Why translation matters

While activists have long hailed the Koblenz trial as a landmark in the fight for Syrians harmed by the war, the impact hasn’t necessarily been felt as strongly in Syria or among the 6.6 million Syrians who are refugees or asylum seekers

It’s a problem Asser Khattab, a Syrian journalist based in Paris who fled his country in the early years of the war and who hosted the Arabic version of Branch 251’s second season, noted from the outset.

“It struck me that every time I spoke to someone inside the country – and often Syrians outside the country – almost none of them knew there was a trial happening in Koblenz,” he told The New Humanitarian.

That gulf is exactly what made him want to be part of the podcast.
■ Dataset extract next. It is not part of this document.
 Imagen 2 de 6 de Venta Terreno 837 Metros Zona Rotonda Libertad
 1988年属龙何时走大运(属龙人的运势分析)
When he heard about it, he thought: “This is great: It’s free, it’s accessible, and it’s in Arabic.”

Branch 251 was not founded by a Syrian, but by Fritz Streiff, a Paris-based human rights lawyer and podcast buff who recognised the trial’s importance early on and felt more people should know about it. 

Its first season was in English only, run on a shoestring, and funded by private donors. By season two, the podcast had picked up funding from the German Ministry of Foreign Affairs, giving them enough money to hire people like Hamadeh and Khattab, and to make a separate Arabic-language version. Season three kicked off in late August. 

But the podcast – which has nearly 70,000 downloads, including, as far as the producers can tell, just under 200 from inside Syria – can only do so much, and the Koblenz court has come under criticism for its lack of outreach to Syrian communities, particularly its failure to offer regular Arabic translation. “We thought we would be part of the outreach,” said founder Streiff. “We didn’t think we would be the outreach.”

When the trial – which is conducted in German – first opened, simultaneous Arabic translations were only available to the accused and the plaintiffs via headsets, all of whom are Syrian. Following advocacy from various groups, the court does now allow some pre-accredited journalists to receive their own simultaneous translation, but the accreditation process closed before the trial began, so few Arabic-speaking journalists signed up. 

In theory, Arabic-speaking visitors in the public gallery should at least be able to understand the Arabic testimony. But they complain it can be difficult to hear without access to the simultaneous translation system, particularly when witnesses speak softly or unclearly.

When testimony is in Arabic, it is consecutively translated into German by loudspeakers to everyone in the courtroom. 

Hear how Branch 251 producer Saleem Salameh felt on the day Eyad al-Gharib’s verdict was handed down in Koblenz in February 2021.

Official court press releases are in German too, and while at least two different NGOs (the Syria Justice and Accountability Centre, SJAC, and the European Centre for Constitutional and Human Rights, or ECCHR) have been providing multilingual reports monitoring the goings-on at the trial, they aren’t necessarily pleased that it has been left to them to communicate basic information about the trial to Arabic speakers. 

“We are happy to play our part, but providing court information is a public task,” said Patrick Kroker, a human rights lawyer at the ECCHR. A third group, the Syrian Centre for Media and Freedom of Expression, or SCM, posted Arabic summaries for the first year or so of the trial but has since stopped. “Civil society is already doing a lot,” argued Balkees Jarrah, associate director of the international justice programme at Human Rights Watch. “The authorities now really need to step up.”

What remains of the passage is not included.